There is a gem of an article by Stephen Wolfram titled “A Short Talk About Richard Feynman.”
I found these comments from that article very interesting:
“I think Feynman—at least in the years I knew him—was much more driven by the pure pleasure of actually doing the science. He seemed to like best to spend his time figuring things out, and calculating. And he was a great calculator. All around perhaps the best human calculator there’s ever been.”
“And often he’d come up with one of those classic Feynman straightforward-sounding explanations. And he’d never tell people about all the calculations behind it. Sometimes it was kind of a game for him: having people be flabbergasted by his seemingly instant physical intuition. Not knowing that really it was based on some long, hard calculation he’d done.”
“You know, in many ways, Feynman was a loner. Other than for social reasons, he really didn’t like to work with other people. And he was mostly interested in his own work.
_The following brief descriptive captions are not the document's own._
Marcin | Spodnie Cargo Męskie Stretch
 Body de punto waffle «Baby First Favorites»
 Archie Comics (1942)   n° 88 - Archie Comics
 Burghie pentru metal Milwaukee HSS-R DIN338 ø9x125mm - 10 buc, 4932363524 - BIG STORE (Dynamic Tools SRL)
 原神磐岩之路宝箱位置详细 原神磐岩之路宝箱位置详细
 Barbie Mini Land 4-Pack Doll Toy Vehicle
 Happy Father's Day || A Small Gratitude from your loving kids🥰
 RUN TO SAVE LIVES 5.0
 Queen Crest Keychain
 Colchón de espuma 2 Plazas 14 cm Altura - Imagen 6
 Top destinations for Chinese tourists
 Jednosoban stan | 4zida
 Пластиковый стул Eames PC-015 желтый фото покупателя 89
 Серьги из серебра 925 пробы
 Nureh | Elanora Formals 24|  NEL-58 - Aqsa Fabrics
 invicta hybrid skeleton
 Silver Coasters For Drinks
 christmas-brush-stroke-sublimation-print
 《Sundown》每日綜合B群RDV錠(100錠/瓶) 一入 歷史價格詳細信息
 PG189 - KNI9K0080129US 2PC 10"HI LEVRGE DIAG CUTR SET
He didn’t read or listen too much; he wanted the pleasure of doing things himself.”
“One thing about Feynman is that he went to some trouble to arrange his life so that he wasn’t particularly busy—and so he could just work on what he felt like.”
“One of the things he often said was that “peace of mind is the most important prerequisite for creative work.” And he thought one should do everything one could to achieve that. And he thought that meant, among other things, that one should always stay away from anything worldly, like management.”
Stephen Wolfram recommends that we read Richard Feynman’s collected letters.